THE PROBLEM
Reproduce the data in full, exactly as given, leaving images out.

-------- DATA --------

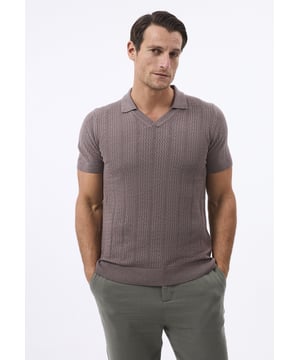Bringen Sie Ihre Garderobe auf ein neues Level mit der perfekten Kombination aus Komfort und zeitlosem Stil. Dieses kurzärmelige Hemd von Felix Hardy besteht aus 100 % hochwertiger Baumwolle und bietet Atmungsaktivität sowie ein weiches Tragegefühl – ideal für warme Tage. Der leichte, gewebte Baumwollstoff sorgt für optimale Luftzirkulation, hält Sie kühl und verleiht gleichzeitig einen gepflegten Look. Die kurzen Ärmel und die taillierte Passform machen es vielseitig einsetzbar – perfekt für sowohl legere als auch semi-formelle Anlässe. Mit einer langlebigen, hochwertigen Verarbeitung bietet dieses Hemd eine lange Lebensdauer und behält auch nach mehreren Wäschen seine Form und Farbe. Ob mit Chinos für einen smart-casual Look oder mit Jeans für einen entspannten Stil – dieses Hemd passt sich mühelos jeder Gelegenheit an.
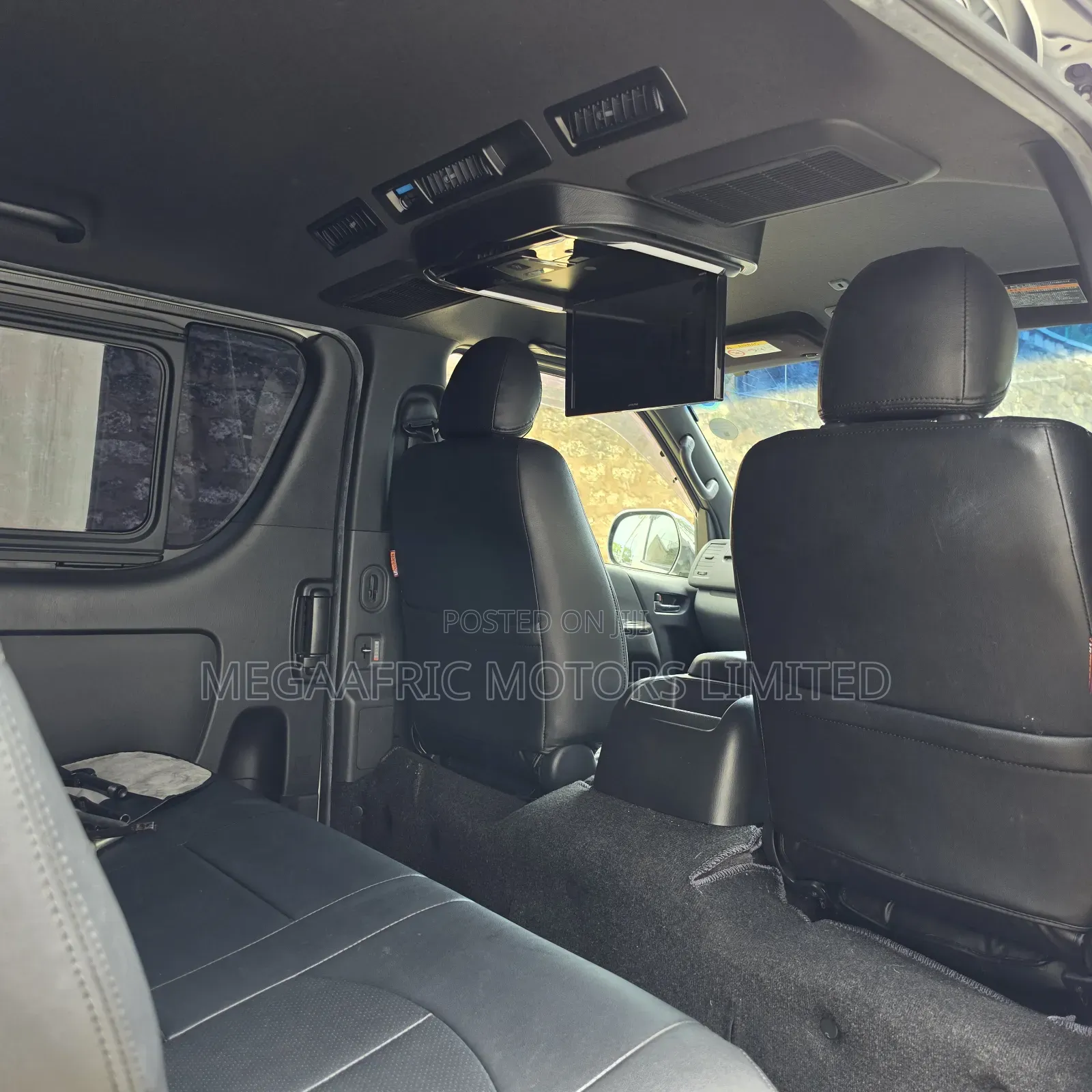Toyota HiAce 2019 Silver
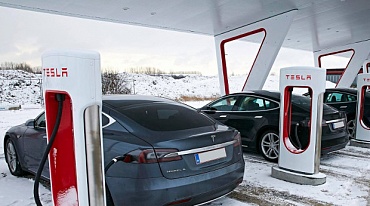 Tesla вводит плату за стоянку электромобилей на станциях быстрой зарядки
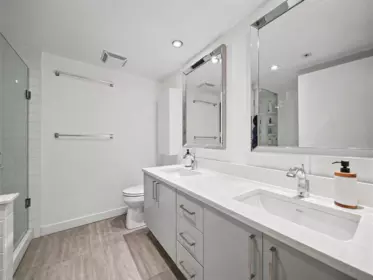 Laundry Room Photo of 512 1133 Homer Street, Vancouver, BC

--------

OUTPUT FOR THIS TASK
Bringen Sie Ihre Garderobe auf ein neues Level mit der perfekten Kombination aus Komfort und zeitlosem Stil. Dieses kurzärmelige Hemd von Felix Hardy besteht aus 100 % hochwertiger Baumwolle und bietet Atmungsaktivität sowie ein weiches Tragegefühl – ideal für warme Tage. Der leichte, gewebte Baumwollstoff sorgt für optimale Luftzirkulation, hält Sie kühl und verleiht gleichzeitig einen gepflegten Look. Die kurzen Ärmel und die taillierte Passform machen es vielseitig einsetzbar – perfekt für sowohl legere als auch semi-formelle Anlässe. Mit einer langlebigen, hochwertigen Verarbeitung bietet dieses Hemd eine lange Lebensdauer und behält auch nach mehreren Wäschen seine Form und Farbe. Ob mit Chinos für einen smart-casual Look oder mit Jeans für einen entspannten Stil – dieses Hemd passt sich mühelos jeder Gelegenheit an.
Toyota HiAce 2019 Silver
 Tesla вводит плату за стоянку электромобилей на станциях быстрой зарядки
 Laundry Room Photo of 512 1133 Homer Street, Vancouver, BC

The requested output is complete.